もう謝らなくていいと告げたはずなのだがと、心中で苦笑した刹那、陽はふと妙案を思いついた。
「そうだ、お前が俺の代わりに描け」
「えっ!? デザイン画をですか!?」
驚愕し、思わず半歩下がった紬花に陽は眉を上げて「その通り」と頷いてみせる。
「何でもするって言ったよな? 右手を使えない俺の世話をするんだろ?」
「いっ、言いましたけど、私で大丈夫ですか?」
アシスタントであり、まだデザイナーとしては卵ともいえるような自分が、陽の手の代わりなど務まるのか。
瞳に不安を滲ませて確かめると、陽は「俺の左手よりひどいようなら帰ってくれ」と発破をかけた。
すると、紬花の背がしゃんと伸びる。
「頑張ります!」
まだ大して陽の役に立てていないのだ。
お邪魔して数時間。
少しの掃除と夕飯作りをしただけで帰るわけにはいかない。
紬花は陽から鉛筆を受け取ると、指示に従いデザイン画を描いていく。
「胸元から袖まで、パールビーズかクリスタルビーズを」
「はい!」
すでに全体のシルエットは完成しており、紬花の仕事は細部の書き込みだ。
「違うだろ。

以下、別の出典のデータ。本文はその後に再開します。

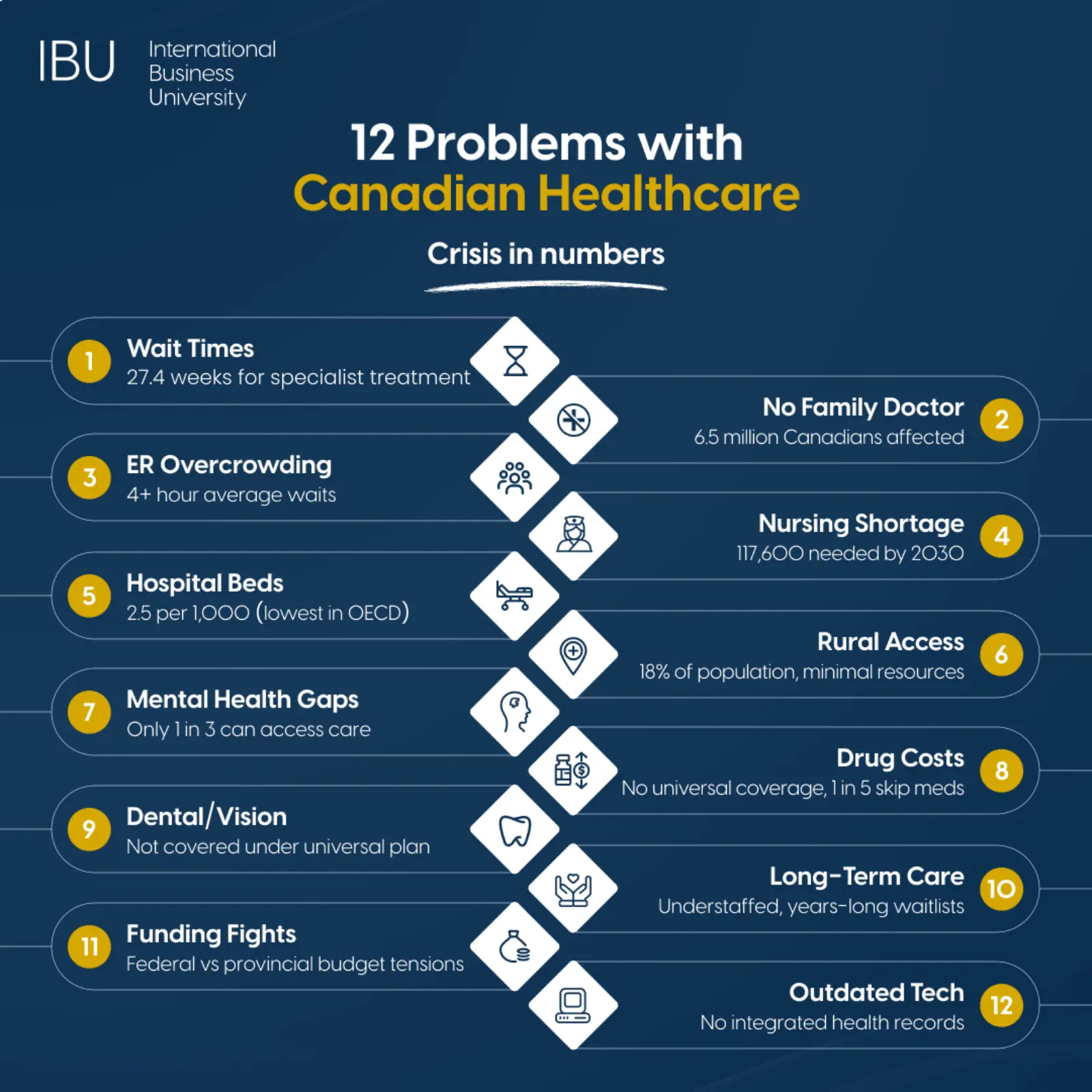 Statistics highlighting Canadian healthcare issues12 Problems with Canadian Healthcare
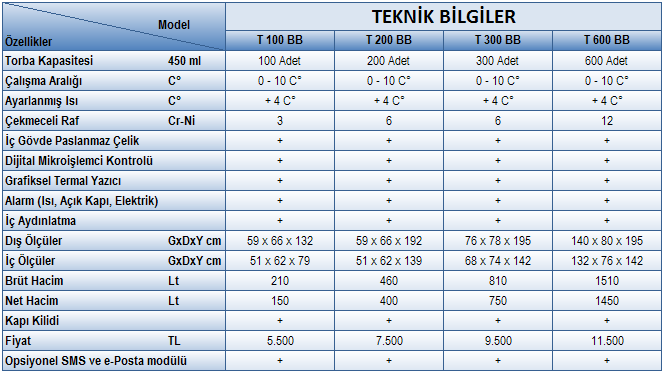 A Edüsriye ve Lruvr Cihzrı STi A Ş MERKEZ-TEKNİK SERVİS-SHOW ROOM : Mie Cd Fıdıkzde Sk11/1 Fıdıkzde 34270 İsu İŞBANK : TR07 0006 400 0001 1068 0637825 --GARANTİ : TR06 0006 200 04370 0006299645 Ti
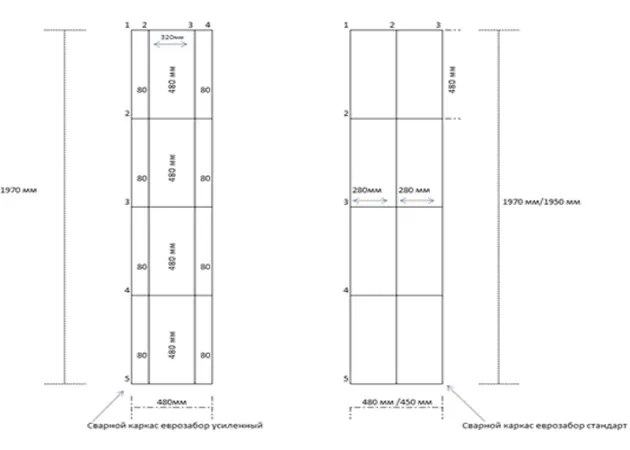 Фото 1 - Сетка кладочная ВР, европаркан, Ø 3,2 размер секции 1970*480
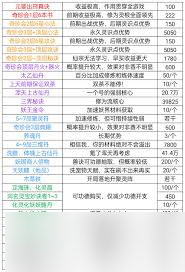 凡人传说凡界基础知识大全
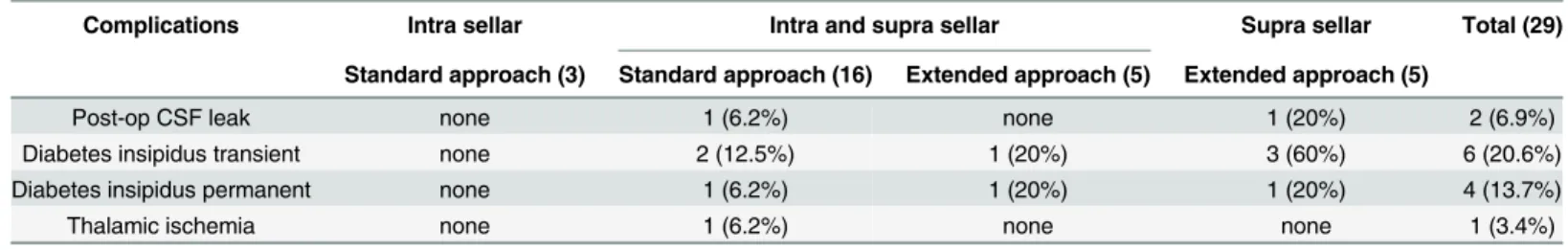 Table 6. Complications according to cyst location.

こことここにプリーツだ。お前の頭はニワトリか?」
「すみませんっ。あ、とさかはないです。ドレープ入れるのはこんな感じですか?」
「もう少し上から。こっちはきつめに」
途中、何度か毒を吐かれながらも、紬花はウェディングドレスのデザイン画を仕上げていく。
紬花はデザイン画を描くのが好きだ。
無の状態の真っ白な空間に、少しずつデザインしたものが形になっていくのが楽しいのだ。
まして、陽のように経験溢れるデザイナーのアイデアは勉強になる。
最初こそ尻込みしていた紬花の顔には、気づけば
笑みが零れていて、その横顔を盗み見た陽は、ひっそりと眦を下げた。